▶ TASK ITEM
From the entries below, transcribe exactly the lines between the line holding "Add passengers - SunRail" and the line holding "Godox Litemons LA300R", inclusive; skip all other lines.

▶ DATA EXTRACT
★ ★ ★ ★ ★ ★ ★

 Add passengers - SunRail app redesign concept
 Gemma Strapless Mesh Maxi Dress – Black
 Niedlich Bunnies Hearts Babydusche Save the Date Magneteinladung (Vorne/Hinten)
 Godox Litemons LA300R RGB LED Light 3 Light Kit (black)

★ ★ ★ ★ ★ ★ ★

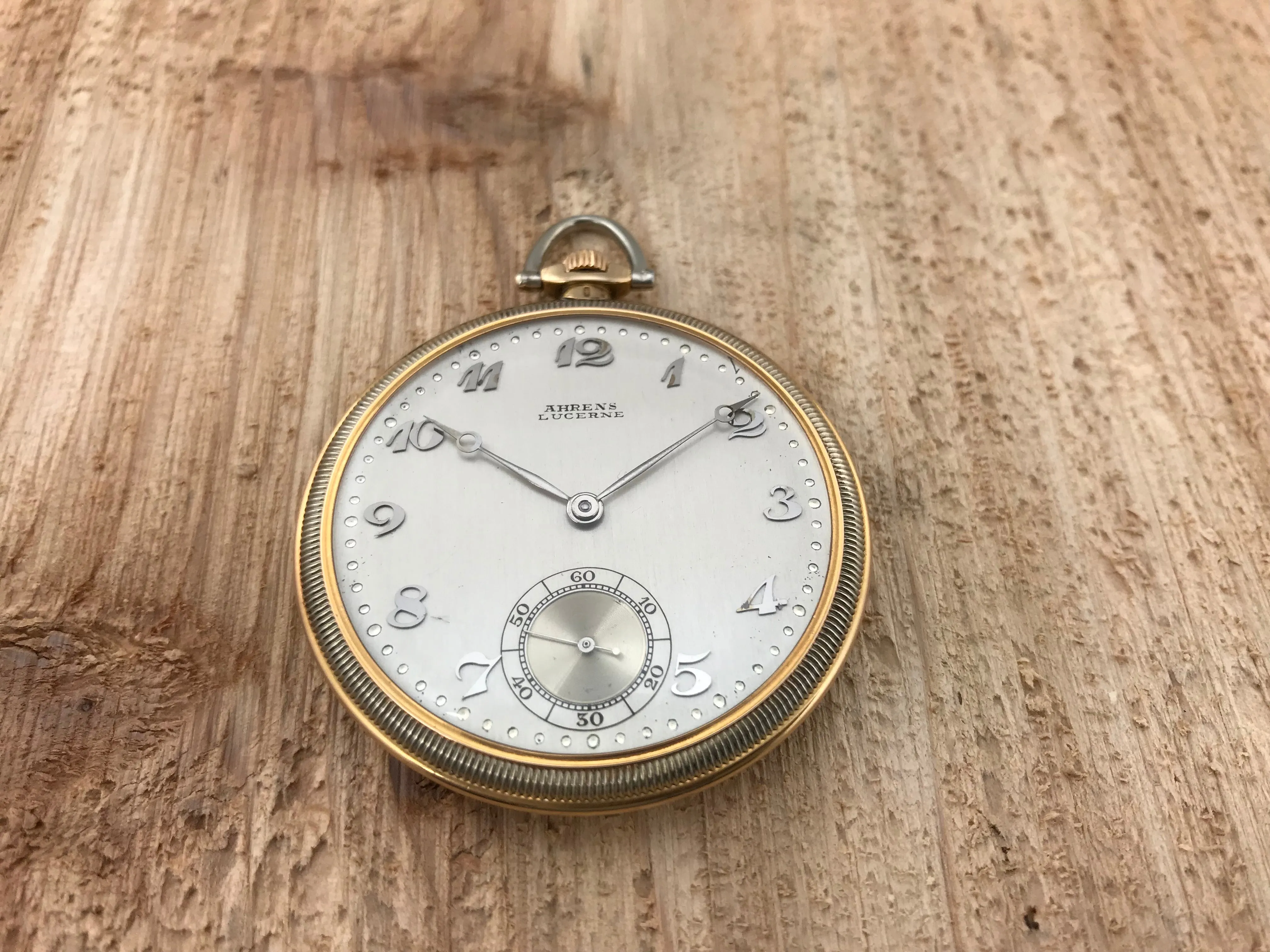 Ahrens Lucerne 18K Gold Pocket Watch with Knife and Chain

★ ★ ★ ★ ★ ★ ★

▶ RESPONSE TO THIS TASK
 Add passengers - SunRail app redesign concept
 Gemma Strapless Mesh Maxi Dress – Black
 Niedlich Bunnies Hearts Babydusche Save the Date Magneteinladung (Vorne/Hinten)
 Godox Litemons LA300R RGB LED Light 3 Light Kit (black)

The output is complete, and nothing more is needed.